Collected material:
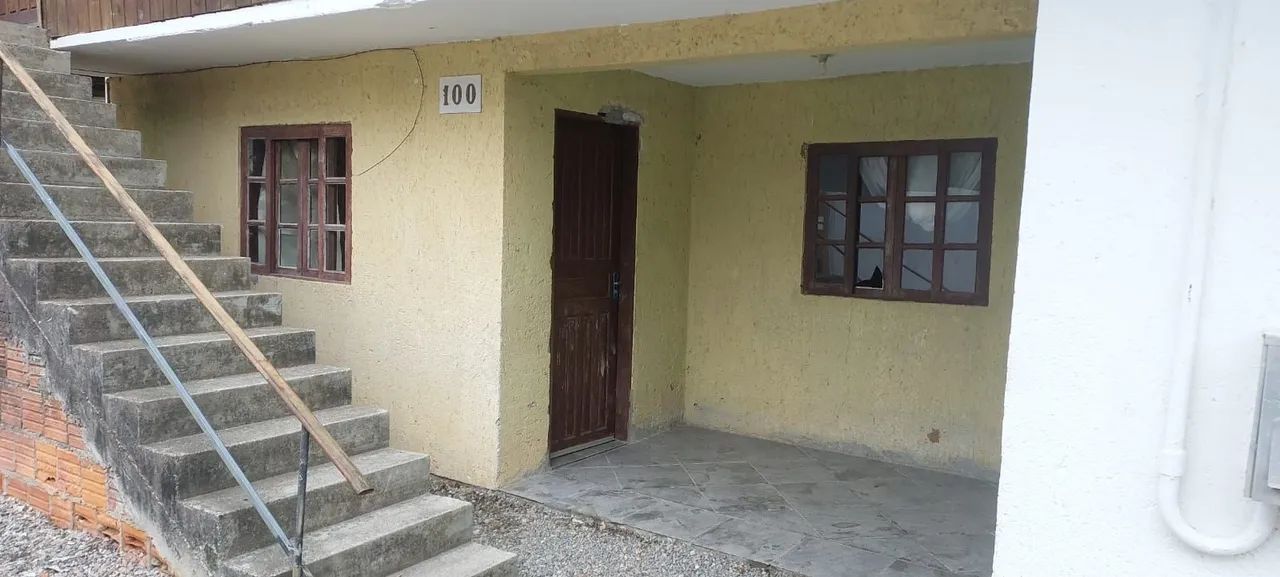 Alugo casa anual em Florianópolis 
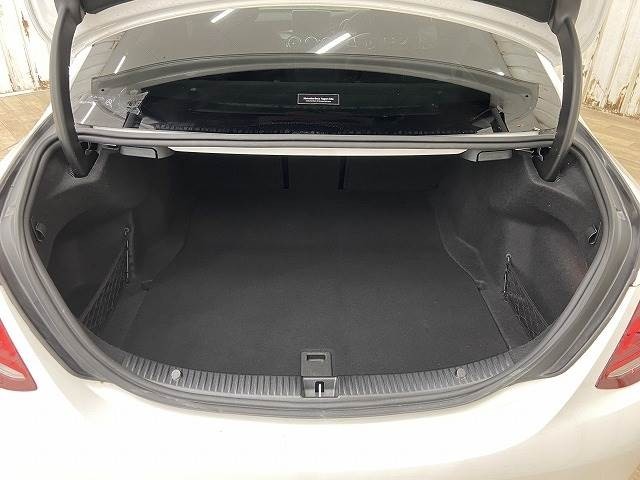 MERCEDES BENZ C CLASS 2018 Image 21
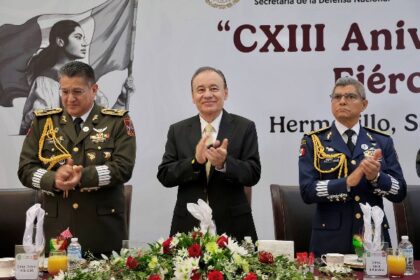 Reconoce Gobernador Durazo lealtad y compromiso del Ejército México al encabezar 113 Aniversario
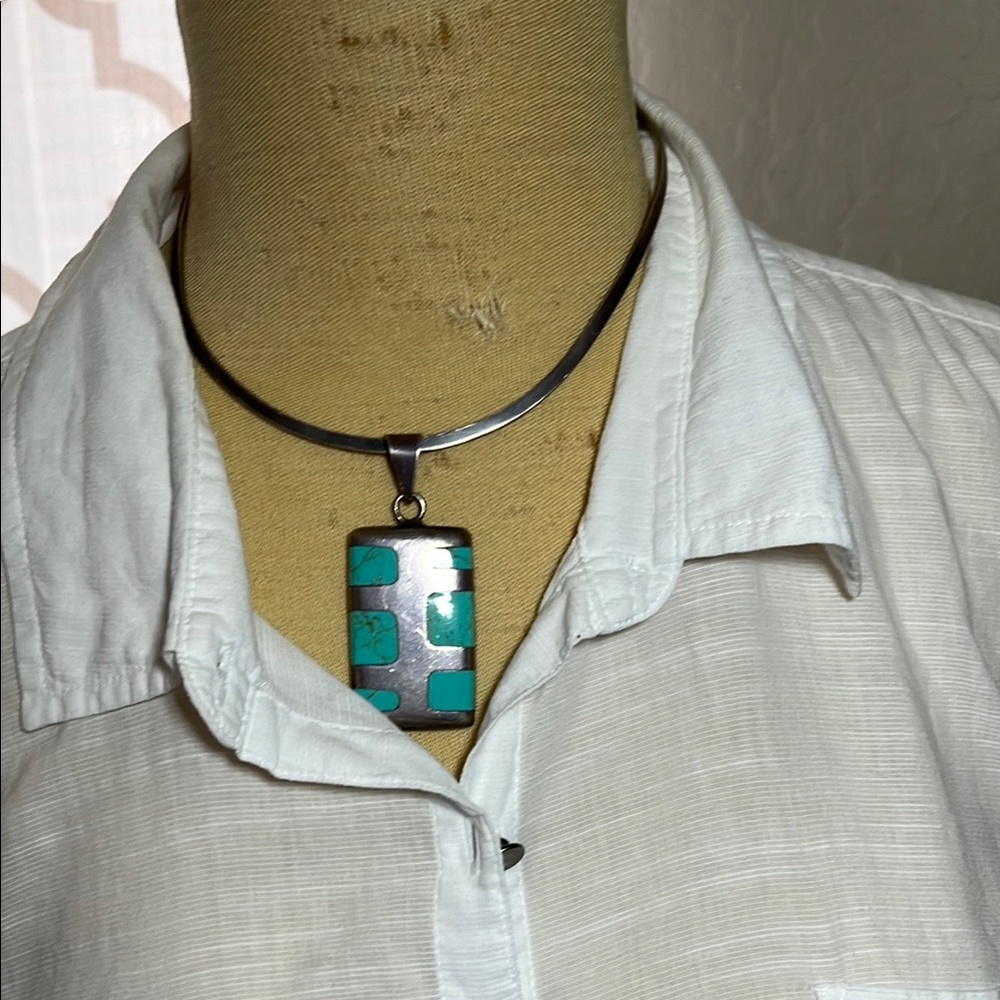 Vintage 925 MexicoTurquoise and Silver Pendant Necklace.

Task directions: Please restate word for word each line from the one containing "Reconoce Gobernador Durazo" to the end of the data above, without the pictures.

Task solution:
 Reconoce Gobernador Durazo lealtad y compromiso del Ejército México al encabezar 113 Aniversario
 Vintage 925 MexicoTurquoise and Silver Pendant Necklace.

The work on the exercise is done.